Exercise description:
Nothing but the lines from the one containing "Camiseta infantil de" through the last line of the records below should be copied, exactly and without pictures.

Input for this task:
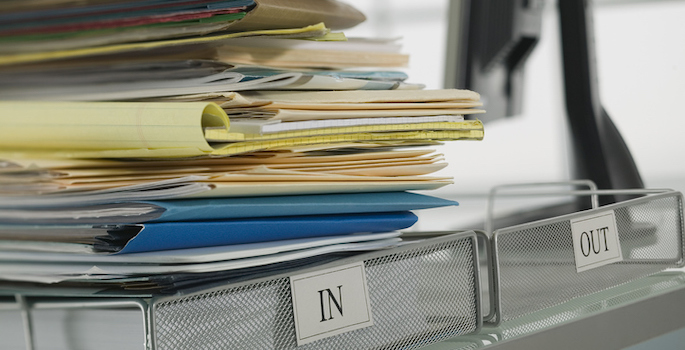 wire inbox overflowing with documents next to empty wire outbox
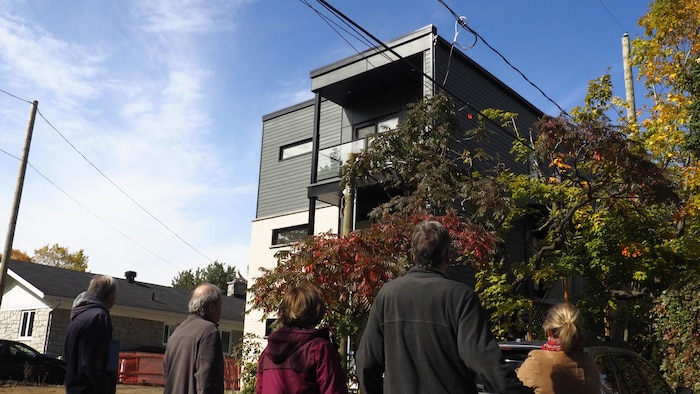 Cinq résidents regardent, de dos, l'immeuble à logements de trois étages apparu sur la rue Richer.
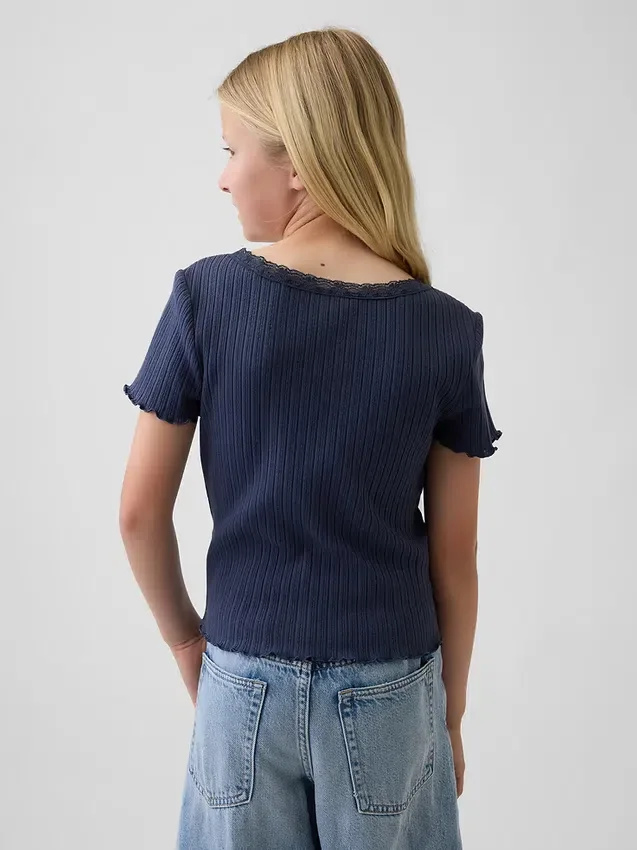 Camiseta infantil de punto calado acanalado con botones en la parte delantera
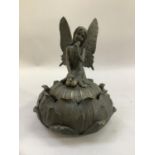 A modern bronze-effect dish and cover modelled as a fairy sitting upon a flower head 15cm high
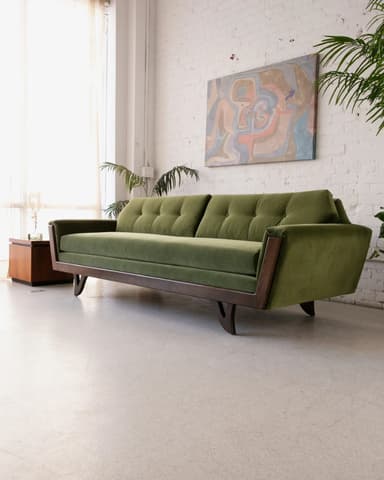 An olive green Mid-Century Modern sofa featuring a button-tufted backrest and an exposed dark wood frame that forms the base and partially frames the sides. — 3D model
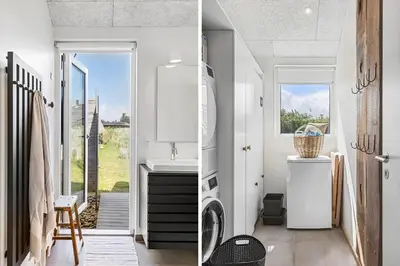 a bathroom with a sink and a washing machine at BL1712-Blokhus-Vestvej-6 in Blokhus
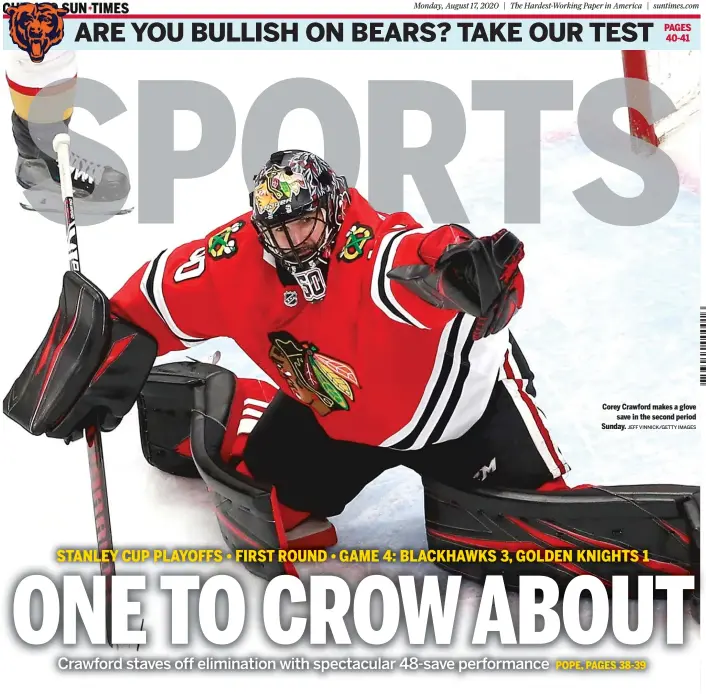  ?? JEFF VINNICK/GETTY IMAGES ?? Corey Crawford makes a glove save in the second period Sunday.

Reply:
 Camiseta infantil de punto calado acanalado con botones en la parte delantera
 A modern bronze-effect dish and cover modelled as a fairy sitting upon a flower head 15cm high
 An olive green Mid-Century Modern sofa featuring a button-tufted backrest and an exposed dark wood frame that forms the base and partially frames the sides. — 3D model
 a bathroom with a sink and a washing machine at BL1712-Blokhus-Vestvej-6 in Blokhus
  ?? JEFF VINNICK/GETTY IMAGES ?? Corey Crawford makes a glove save in the second period Sunday.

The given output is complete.